= Sport in Nigeria =

Football is largely considered Nigeria's national sport, and the country has its own professional football league. Basketball is the second sport of Nigeria.

== History ==

=== Colonial era ===
Physical education was made part of colonial Nigeria's educational curriculum in the 19th century. During this time, indigenous sports faded away while structured European activities such as football, which helped to bridge the gap between the British rulers and the local population, grew.

=== Contemporary era ===
Other than football, basketball, handball and volleyball are also prominent in the Nigerian sports sector. Indigenous games such as loofball, dambe and ayo also have significant popularity among youths in Nigeria. Loofball involves two teams of five, a ball, and a net. It is played by tossing the ball over the net to the opposing team's side of the court.
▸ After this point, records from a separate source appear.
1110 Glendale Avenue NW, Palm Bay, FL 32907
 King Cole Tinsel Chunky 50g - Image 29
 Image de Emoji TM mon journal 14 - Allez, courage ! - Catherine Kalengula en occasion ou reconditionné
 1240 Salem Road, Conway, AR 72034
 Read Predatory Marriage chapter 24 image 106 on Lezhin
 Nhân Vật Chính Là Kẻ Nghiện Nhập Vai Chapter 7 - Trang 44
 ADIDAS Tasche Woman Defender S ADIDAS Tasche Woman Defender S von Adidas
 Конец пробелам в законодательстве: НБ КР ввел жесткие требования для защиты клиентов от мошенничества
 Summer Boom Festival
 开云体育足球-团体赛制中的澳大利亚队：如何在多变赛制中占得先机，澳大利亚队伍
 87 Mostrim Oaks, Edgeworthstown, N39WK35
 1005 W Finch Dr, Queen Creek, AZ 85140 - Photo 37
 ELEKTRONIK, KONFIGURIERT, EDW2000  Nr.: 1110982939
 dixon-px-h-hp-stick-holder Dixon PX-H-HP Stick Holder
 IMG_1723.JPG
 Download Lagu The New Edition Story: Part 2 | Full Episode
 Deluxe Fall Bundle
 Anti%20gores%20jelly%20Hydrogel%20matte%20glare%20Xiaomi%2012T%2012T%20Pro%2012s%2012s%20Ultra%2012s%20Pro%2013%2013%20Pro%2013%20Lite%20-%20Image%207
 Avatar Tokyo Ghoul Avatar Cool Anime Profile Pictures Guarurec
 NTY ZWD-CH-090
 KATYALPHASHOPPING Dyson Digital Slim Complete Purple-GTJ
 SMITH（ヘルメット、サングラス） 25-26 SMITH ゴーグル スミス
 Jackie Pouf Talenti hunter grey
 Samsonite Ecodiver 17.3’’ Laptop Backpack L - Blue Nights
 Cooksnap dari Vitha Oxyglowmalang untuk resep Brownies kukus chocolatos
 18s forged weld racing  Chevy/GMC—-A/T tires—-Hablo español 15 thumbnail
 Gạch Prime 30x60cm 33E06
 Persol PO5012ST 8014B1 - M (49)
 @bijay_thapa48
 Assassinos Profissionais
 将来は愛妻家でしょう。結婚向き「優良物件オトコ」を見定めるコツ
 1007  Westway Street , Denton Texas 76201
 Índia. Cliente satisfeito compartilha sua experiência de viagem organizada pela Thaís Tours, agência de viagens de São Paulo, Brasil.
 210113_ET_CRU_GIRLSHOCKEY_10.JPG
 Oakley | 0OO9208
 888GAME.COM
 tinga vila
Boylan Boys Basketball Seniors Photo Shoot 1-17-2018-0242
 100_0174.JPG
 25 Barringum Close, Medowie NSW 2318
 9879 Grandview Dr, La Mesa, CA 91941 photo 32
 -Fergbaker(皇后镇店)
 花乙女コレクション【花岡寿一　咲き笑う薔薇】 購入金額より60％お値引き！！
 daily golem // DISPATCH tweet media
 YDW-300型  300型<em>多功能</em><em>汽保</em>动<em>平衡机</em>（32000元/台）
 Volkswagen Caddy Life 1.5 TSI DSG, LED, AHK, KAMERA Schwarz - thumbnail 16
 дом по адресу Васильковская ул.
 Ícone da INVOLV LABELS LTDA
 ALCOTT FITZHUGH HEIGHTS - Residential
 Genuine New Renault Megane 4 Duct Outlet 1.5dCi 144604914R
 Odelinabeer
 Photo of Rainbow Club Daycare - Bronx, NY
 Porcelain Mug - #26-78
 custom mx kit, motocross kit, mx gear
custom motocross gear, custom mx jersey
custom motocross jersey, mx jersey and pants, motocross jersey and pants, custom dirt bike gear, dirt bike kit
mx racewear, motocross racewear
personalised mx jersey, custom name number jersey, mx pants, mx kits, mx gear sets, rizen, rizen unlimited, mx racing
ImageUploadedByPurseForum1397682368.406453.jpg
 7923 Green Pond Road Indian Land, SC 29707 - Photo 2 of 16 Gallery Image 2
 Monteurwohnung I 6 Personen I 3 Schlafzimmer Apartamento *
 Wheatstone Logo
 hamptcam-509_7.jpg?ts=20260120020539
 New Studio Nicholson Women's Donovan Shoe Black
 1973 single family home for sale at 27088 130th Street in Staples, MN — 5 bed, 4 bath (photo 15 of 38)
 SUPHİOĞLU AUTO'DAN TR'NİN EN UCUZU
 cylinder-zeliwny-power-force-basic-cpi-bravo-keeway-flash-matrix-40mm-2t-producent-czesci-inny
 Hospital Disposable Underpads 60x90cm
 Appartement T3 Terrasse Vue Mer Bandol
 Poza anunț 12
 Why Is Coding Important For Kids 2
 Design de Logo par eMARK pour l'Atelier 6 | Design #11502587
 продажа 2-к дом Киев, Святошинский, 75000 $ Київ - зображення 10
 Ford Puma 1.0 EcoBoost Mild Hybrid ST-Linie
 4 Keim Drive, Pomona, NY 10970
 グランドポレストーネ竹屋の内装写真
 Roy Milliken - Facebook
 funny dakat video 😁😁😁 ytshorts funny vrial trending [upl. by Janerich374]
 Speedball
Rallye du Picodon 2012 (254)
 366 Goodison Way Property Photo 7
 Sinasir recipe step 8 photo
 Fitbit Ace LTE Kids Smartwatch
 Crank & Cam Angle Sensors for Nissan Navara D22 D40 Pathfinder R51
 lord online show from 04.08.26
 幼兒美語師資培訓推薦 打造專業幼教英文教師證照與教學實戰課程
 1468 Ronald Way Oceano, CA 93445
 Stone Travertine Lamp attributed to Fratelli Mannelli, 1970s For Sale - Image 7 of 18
After July 2021, the sport has been administered by the LSDI (Loofball Sports Development Initiative).

== Team sports ==

=== Association football ===
The Nigerian national football team, nicknamed the "Super Eagles", is the national team of Nigeria, run by the Nigeria Football Federation (NFF). According to the FIFA World Rankings, Nigeria ranks 42nd and holds the sixth-highest place among the African nations. The highest position Nigeria ever reached on the ranking was 5th, in April 1994. Supporters of English football clubs like Manchester United, Arsenal, Manchester City, Liverpool and Chelsea often segregate beyond the traditional tribal and even religious divide to share their common cause in Premier League teams.

===Basketball===
Nigeria's national basketball team made the headlines internationally when it became the first African team to beat the United States men's national team. In earlier years, Nigeria qualified for the 2012 Summer Olympics as it beat heavily favoured world elite teams such as Greece and Lithuania. Nigeria has been home to numerous internationally recognised basketball players in the world's top leagues in America, Europe and Asia. These players include Basketball Hall of Famer Hakeem Olajuwon, and later players in the NBA. The Nigerian Premier League has become one of the biggest and most-watched basketball competitions in Africa. The games have aired on Kwese TV and have averaged a viewership of over a million people.

====Attendances====

The average home league attendances in the 2024 NBBF Premier League:

| Team | Average |
|---|---|
| Rivers Hoopers | 649 |
| Lagos Legends | 619 |
| Kano Pillars | 599 |
| Nigeria Customs | 550 |
| Gombe Bulls | 502 |
| Delta Force | 452 |
| Gboko City Chiefs | 402 |
| Kwara Falcons | 398 |
| Police Baton | 349 |
| Hoops and Read | 303 |
| Ebun Comets | 251 |
| Oluyole Warriors | 250 |
| Plateau Peaks | 198 |
| Correctional | 155 |
| Nile University Spartans | 153 |
| Bauchi Nets | 149 |
| Average | 374 |

=== Bobsled ===
Nigeria made history by qualifying the first bobsled team for the Winter Olympics from Africa when their women's two-person team qualified for the bobsled competition at the XXIII Olympic Winter Games.

=== Curling ===
In 2018, the Nigerian Curling Federation was established to introduce a new sport to the country in order to make the game part of the curriculum at the elementary, high school, and university levels. At the 2019 World Mixed Doubles Curling Championship in Norway, Nigeria won their first international match beating France 8–5.

=== Volleyball ===
Nigeria's women's and men's national teams in beach volleyball competed at the 2018–2020 CAVB Beach Volleyball Continental Cup. The country's U21 national teams qualified for the 2019 FIVB Beach Volleyball U21 World Championships.